--- WHAT THIS TASK INVOLVES ---
Could you copy every line of the data that contains the word "Used"?

DATA EXTRACTS Block Start

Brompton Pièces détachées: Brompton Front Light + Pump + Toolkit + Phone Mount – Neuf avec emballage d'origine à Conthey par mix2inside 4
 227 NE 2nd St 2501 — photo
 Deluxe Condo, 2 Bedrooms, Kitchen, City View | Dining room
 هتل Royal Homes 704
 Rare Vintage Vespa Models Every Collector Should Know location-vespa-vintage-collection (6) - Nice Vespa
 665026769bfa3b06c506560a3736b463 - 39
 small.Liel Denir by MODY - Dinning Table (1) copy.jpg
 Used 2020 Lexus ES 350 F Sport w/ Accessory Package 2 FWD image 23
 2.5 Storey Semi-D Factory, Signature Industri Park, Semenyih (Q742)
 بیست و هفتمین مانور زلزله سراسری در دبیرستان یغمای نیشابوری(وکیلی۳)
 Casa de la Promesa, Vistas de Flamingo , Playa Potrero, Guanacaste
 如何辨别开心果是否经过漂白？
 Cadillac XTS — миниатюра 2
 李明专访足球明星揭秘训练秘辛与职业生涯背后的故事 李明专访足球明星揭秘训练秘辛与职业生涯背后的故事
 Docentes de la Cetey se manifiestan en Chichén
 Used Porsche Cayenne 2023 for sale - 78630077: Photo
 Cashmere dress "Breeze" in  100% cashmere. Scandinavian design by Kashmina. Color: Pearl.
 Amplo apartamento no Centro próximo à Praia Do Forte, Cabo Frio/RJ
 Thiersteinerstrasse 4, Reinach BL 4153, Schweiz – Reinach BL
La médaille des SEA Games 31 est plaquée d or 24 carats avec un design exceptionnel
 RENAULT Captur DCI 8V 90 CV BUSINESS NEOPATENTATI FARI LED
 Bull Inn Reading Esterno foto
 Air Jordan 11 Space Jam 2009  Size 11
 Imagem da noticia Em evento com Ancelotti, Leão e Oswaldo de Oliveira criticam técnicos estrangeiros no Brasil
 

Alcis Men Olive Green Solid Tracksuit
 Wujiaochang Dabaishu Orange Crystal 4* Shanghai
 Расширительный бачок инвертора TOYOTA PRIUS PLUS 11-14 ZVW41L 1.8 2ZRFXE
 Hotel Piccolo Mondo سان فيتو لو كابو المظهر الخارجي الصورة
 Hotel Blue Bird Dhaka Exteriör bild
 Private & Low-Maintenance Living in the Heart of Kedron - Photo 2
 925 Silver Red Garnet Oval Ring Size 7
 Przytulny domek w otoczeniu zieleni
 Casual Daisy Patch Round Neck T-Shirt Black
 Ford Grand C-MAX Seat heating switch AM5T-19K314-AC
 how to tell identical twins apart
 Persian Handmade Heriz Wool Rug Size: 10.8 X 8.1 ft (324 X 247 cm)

DATA EXTRACTS Block End

--- RESULT FOR THIS EXERCISE ---
 Used 2020 Lexus ES 350 F Sport w/ Accessory Package 2 FWD image 23
 Used Porsche Cayenne 2023 for sale - 78630077: Photo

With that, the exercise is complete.